You’ll notice that I don’t use magic as a form of control (spell casting). That’s because I find it far more intriguing to explore the very human ways we manipulate one another through power (political, familial, religious, etc.), emotion (love, lust, hatred, fear) and our own personal beliefs/biases/bigotry.

Royal Mail’s Magical Realm Stamps

I realize that not everyone is as willing to believe in magic as I am, so I’ve also tried to give you a slight hint at possible rational explanations for some of the magic. For example, mystics the world over have found ways to touch hot coals without being burned or walk on glass without being harmed through sheer mental control. If you want to believe that’s what the priestess’ training really is rather than ascribe it to magical ability, you can. What about making it rain? If you want to believe its sheer coincidence, that’s up to you, but my characters most certainly believe in the power of magic.

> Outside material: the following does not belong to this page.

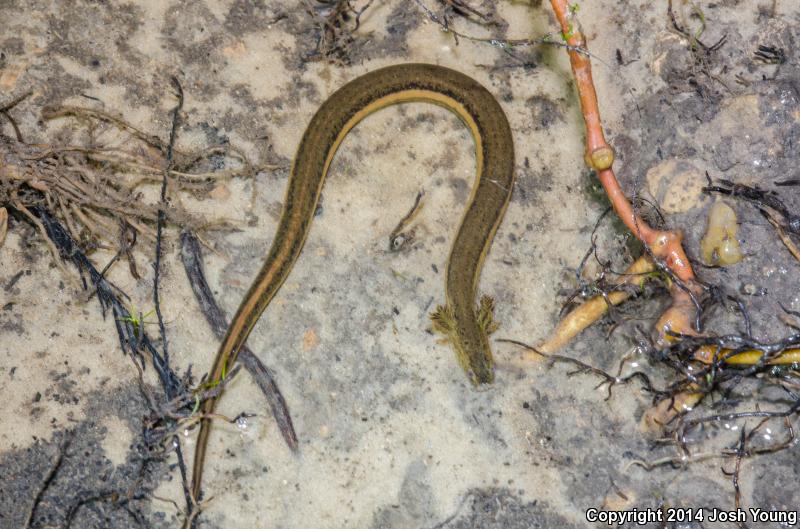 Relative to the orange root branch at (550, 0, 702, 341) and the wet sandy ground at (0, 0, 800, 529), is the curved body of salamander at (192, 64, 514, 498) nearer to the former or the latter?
the wet sandy ground at (0, 0, 800, 529)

My characters have certain natural talents, just like you or I, but none of them could perform their magic without serious training. It’s not something they take lightly or do for fun. For them, magic is a gift to be respected and honored, not abused. And if one does abuse it, the consequences are high.

How do you feel about magic in historical fantasy? Do you prefer more or less? What are some books/movies/etc. that you think handled magic well? Which ones didn’t you like? Do you believe in magic?